Because mutation and recombination rate are held constant over the displayed time-period, only an average effect of real values of the selfing rates can be estimated within the time window. However, the estimated self-fertilization of 0 constitutes a contrast to literature, that describes canihua as a mainly self-fertilizing crop (Sauer J. D., 1993; Simonds N. W., 1965). That the model accounts only for homologous recombination events, but not for, for example chromosomatic mutations, could be one reason for an underestimated self-fertilization rate (T. P. Sellinger et al., 2020).

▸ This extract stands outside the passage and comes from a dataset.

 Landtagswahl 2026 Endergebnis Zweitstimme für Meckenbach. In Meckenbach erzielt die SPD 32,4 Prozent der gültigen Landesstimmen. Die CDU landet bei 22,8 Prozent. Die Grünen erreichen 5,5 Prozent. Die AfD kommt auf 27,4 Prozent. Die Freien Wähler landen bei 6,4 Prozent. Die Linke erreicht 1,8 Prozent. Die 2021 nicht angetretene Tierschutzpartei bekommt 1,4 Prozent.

Similar to the PCA, the ALStructure analysis also suggested three subpopulations (Herbold, 2020). Results of other students, who also applied eSMC showed the same declining tendency for the population size (Damm, Herrmann, & Sanchez M. A., 2020). However, their time frame was different. One reason for this could be the different priors for the mutation and recombination rate (Mather, Traves, & Ho, 2020). Therefore, mutation and recombination rates of canihua would be needed to estimate the real time frame. These student’s data also showed a difference in more recent generations, where the population size either continued to decrease or split up with a different pattern (Damm et al., 2020).These divergences could arise due to different samples or different datasets.